Chapter 12 Assumptions

12.1 Learning Objectives

In this chapter we will review assumptions of MLMs and some ways to check them in R.

The learning objectives for this chapter are:

Understand the assumptions underpinning MLMs;
Develop and interpret R code and output for testing assumptions.

All materials for this chapter are available for download here.

12.2 Data Demonstration

12.2.1 Load Data and Dependencies

For this data demo, we will use the following packages:

library(lme4) # for multilevel models
library(lmerTest) # for p-values
library(dplyr) # for data manipulation
library(ggplot2) # for graphing

The data for chapter are a subsample from the 1982 High School Beyond data collected by the National Center for Educational Statistics, used as example data throughout Raudenbush, S. W., & Bryk, A. S. (2002). Hierarchical Linear Models: Applications and Data Analysis Methods: SAGE Publications. These data are related to student math achievement.

data <- read.csv('rb2002.csv')

12.2.2 Assumptions of MLMs

In brief, the assumptions underlying MLMs are as follows:

The model is correctly specified (i.e., all the predictors associated with the outcome and relevant random effects are included);
The functional form is correct (e.g., the relationship between the predictors and outcome is linear if using a linear model);
Level-1 residuals are independent and normally distributed;
Level-2 residuals are independent and multivariate normally distributed;
Residuals at level-1 and level-2 are unrelated;
Predictors at one level are not related to errors at another level (homoscedasticity).

In the data demonstration that follows, we will be showing some techniques for checking these assumptions.

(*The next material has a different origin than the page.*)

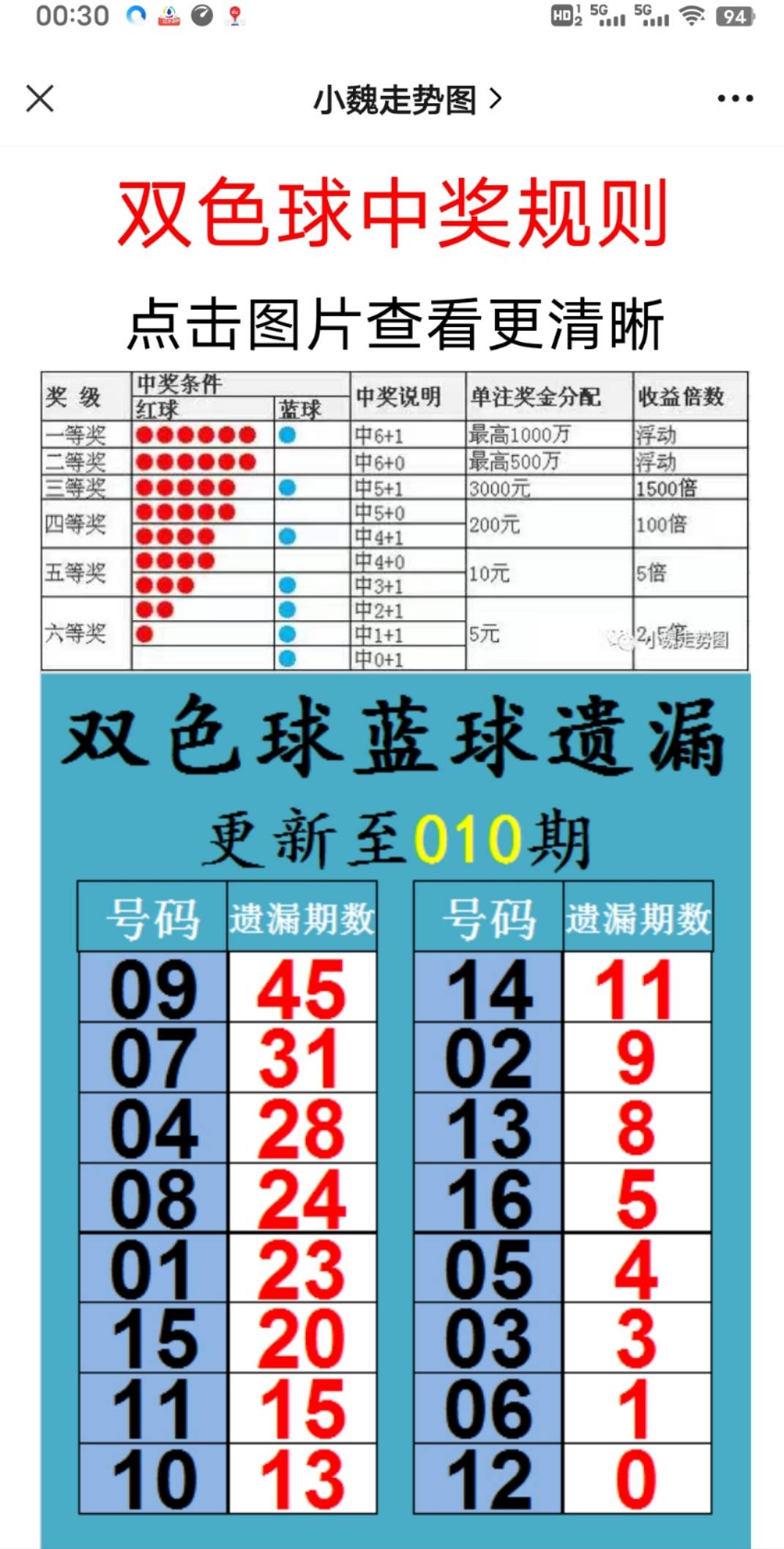 2025新澳彩資料免費(fèi)資料大全——全面解析與獲取指南，2025新澳彩資料免費(fèi)資料大全，全面解析與獲取指南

However, we note that there are many other ways to conduct similar checks. Assumption checks are data exploration at the end of the day. If you know and prefer other methods of exploring the same facets of your data, go for it!

12.2.3 Assumption 1: Model Specification

Specifying your model means determining which predictors should be included and what parameters to estimate. A correctly-specified model is one that includes everything associated with your outcome and nothing not-associated. This is impossible to know for certain and most researchers are constrained by the resources they have to get data and, ultimately, by the data they have. A general approach for considering this is trying to include all possible relevant IVs when predicting a DV. We recommend a three step approach. (1) Start with a null model to check the extent of clustering. (2) Run your “core” model, what you expect to be included according to theory. (3) Run a maximal model with all possible random effects, and trim down as you see effects are zero. Comparing models with and without effects and reviewing the literature for important variables to consider are decent strategies here. Get experts to read your results and their ideas on if anything is missing!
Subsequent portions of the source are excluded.